# freezing point of kerosene?



## TSOJOURNER (Dec 16, 1999)

Just winterizing the boat for the winter in Massachusetts. I left the stove fuel tank on board with it about 2/3 full of kerosene. 

Does anyone know what the freezing point of it is, and do I need to be concerned about leaving it onboard?


----------



## GordMay (Dec 19, 2002)

Aircraft fuel is kerosene - suspect it''s not much of a freeze hazard.
Gord


----------



## TSOJOURNER (Dec 16, 1999)

No worries about kerosene - it won''t gel until it''s below minus 40F. It''s often added to diesel to keep it flowing in really cold areas.


----------



## maxcontax (Jan 30, 2002)

Kerosene and heating oil have problems at about -50C flowing (personal experience) but the other factor is that often these fuels have water in them. The water freezes and falls to the bottom. Most problems I have had with kerosene were related to ice blocking the sump style drain or the filters in a rotary pump. I really really doubt if any of this applies to you, but I got a bit nostalgic with your post.


----------



## scurvydog01 (Oct 28, 2003)

I am a pilot and have flown biz jets for years. Jetfuel is a pure cut of kerosene. Kerosene doesn''t freeze till it is in the -35''to-45''f range. There will be some crystalization of any water content in the fuel, but since you probably won''t be operating your stove in those temps, it won''t effect you.


----------



## TSOJOURNER (Dec 16, 1999)

Anyway, even if it did freeze it wouldn''t hurt anything because kerosene doesn''t expand when it freezes like water does. Water is one of the few few things that does this. That''s why ice floats. I think ammonia does it too, not much else does.


----------



## GordMay (Dec 19, 2002)

EXCELLENT point AJS! (most things contract when they freeze).


----------



## TechEditor (Jan 27, 2017)

Clear Kero is good for -52F. The pink stuff, the color additive drops out of suspension and turns to vaseline at about -38F and clogs filters.


----------



## deniseO30 (Nov 27, 2006)

Tech...welcome to sailnet but look at the dates of the very old posts you are replying too! good luck!


----------



## TechEditor (Jan 27, 2017)

This the 2nd post complaining about replying to an old post. I was adding information to a Post that is still searchable.
If you guys are so touchy about replying to old posts, then you can keep your old incorrect information and I will go back to the Kerosene Forums where we appreciate correct information, no matter what the age or when it is corrected. 
I will be cancelling my membership and you will never hear from me again.


----------



## wymbly1971 (Nov 26, 2015)

Tech..

I never notice the dates either; I don't really care.
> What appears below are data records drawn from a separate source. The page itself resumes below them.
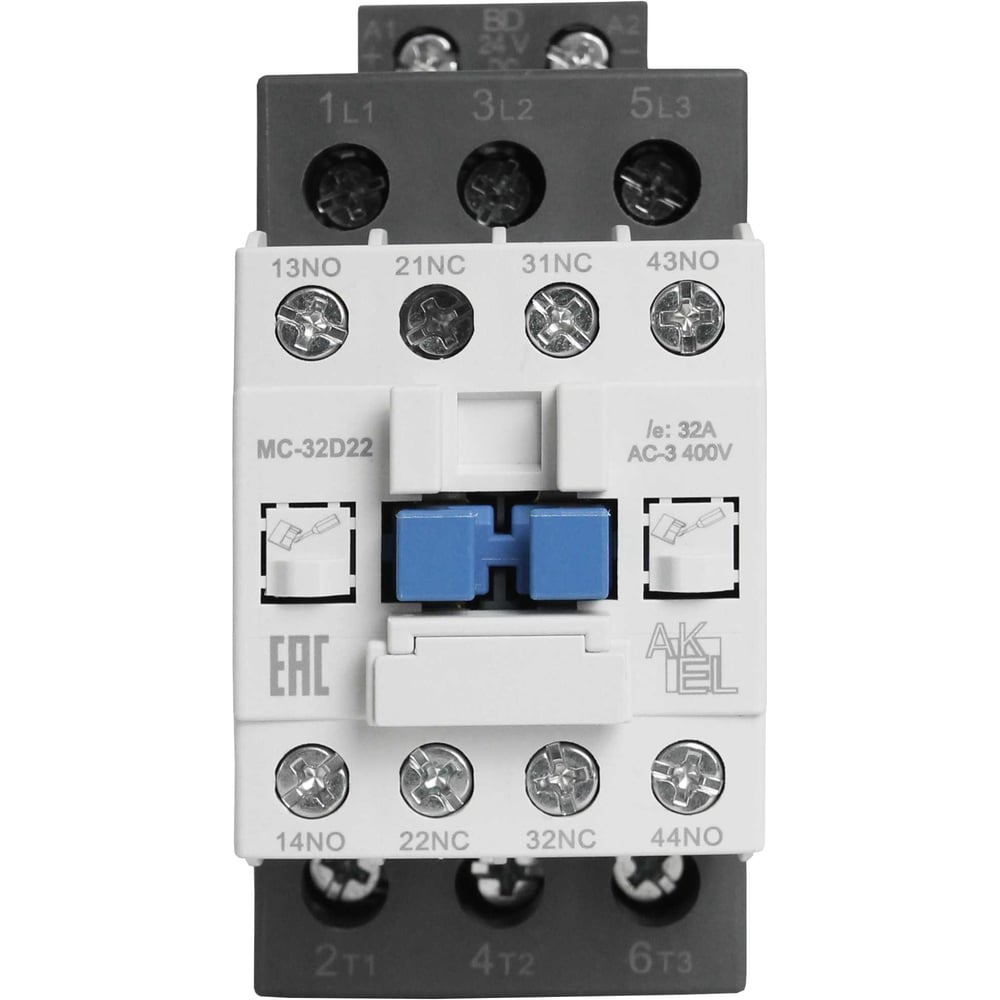 Изображение товара Контактор магнитный AKEL BA47 MC-32D22BD 3P 32A 24VDC монтаж DIN-рейка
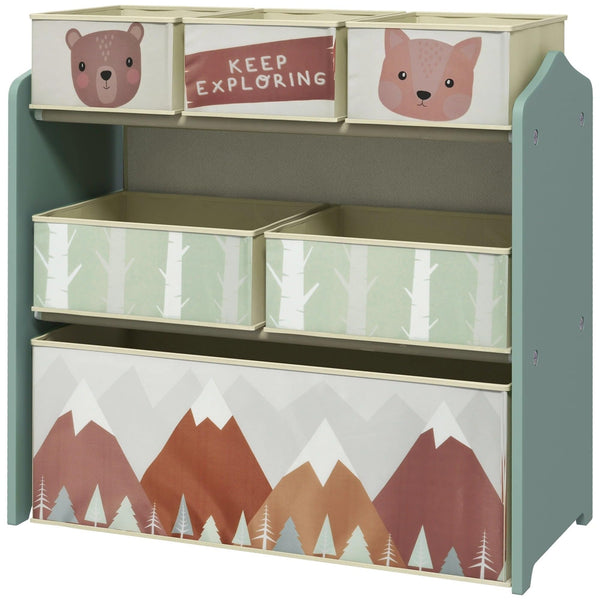 Toy Organizer with 6 Storage Bins 25" X 12" 26" Green Modern Contemporary Animals MDF Steel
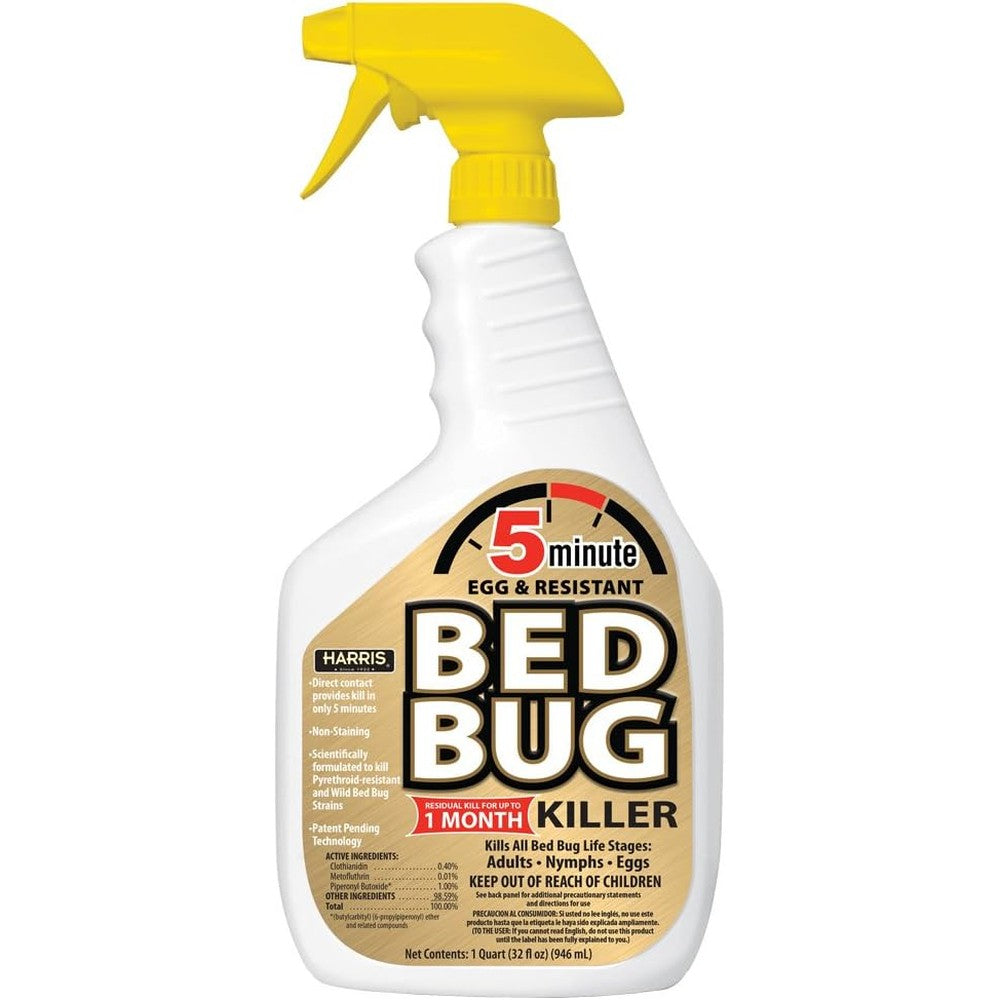 Harris 5 Minute Bed Bug Killer Spray 32 Ounce front view fast acting pest control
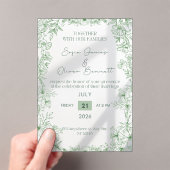 Elegant Green Floral Line Art Wedding Invitation  (In situ (ordinateur de poche))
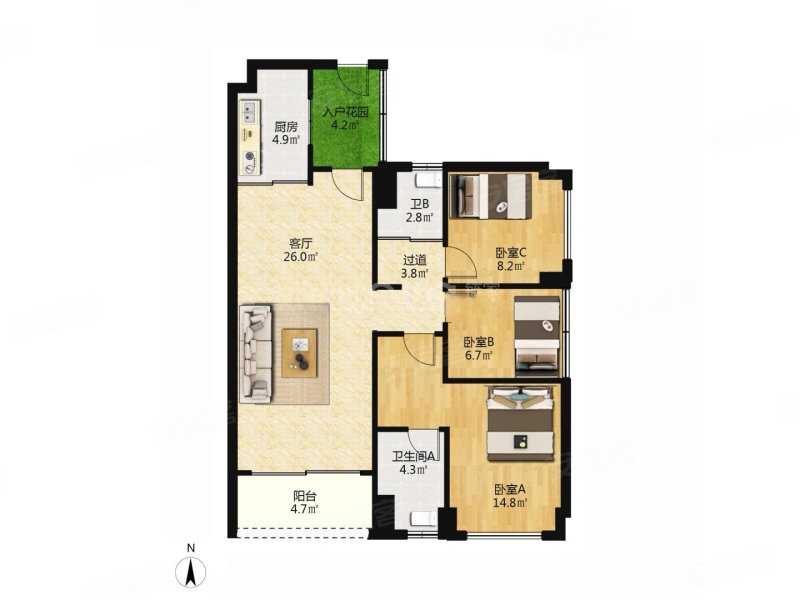 精装修 朝南 有电梯 中间楼层 双卫格局 商品住宅,碧桂园凤凰湾星钻苑
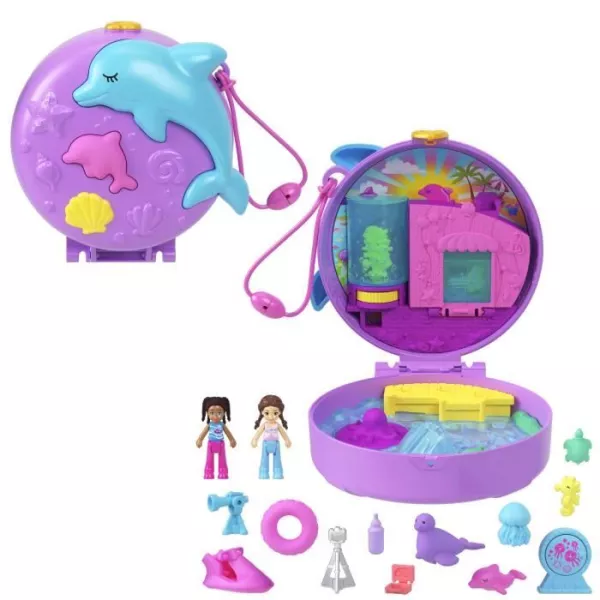 Polly Pocket-Dolphin Sauvetage-Coffret 2 mini-figures and animals HWN96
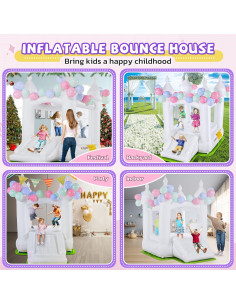 Casa Saltarina Inflable AKEYDIY Blanca 259x178x246 cm para Niños 2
I appreciate the information that you provided. Thank you.

Trevor


----------



## MastUndSchotbruch (Nov 26, 2010)

TechEditor said:


> This the 2nd post complaining about replying to an old post. I was adding information to a Post that is still searchable.
> If you guys are so touchy about replying to old posts, then you can keep your old incorrect information and I will go back to the Kerosene Forums where we appreciate correct information, no matter what the age or when it is corrected.
> I will be cancelling my membership and you will never hear from me again.


Please don't. I had not seen this one but I have replied to the person who scolded you in the other thread.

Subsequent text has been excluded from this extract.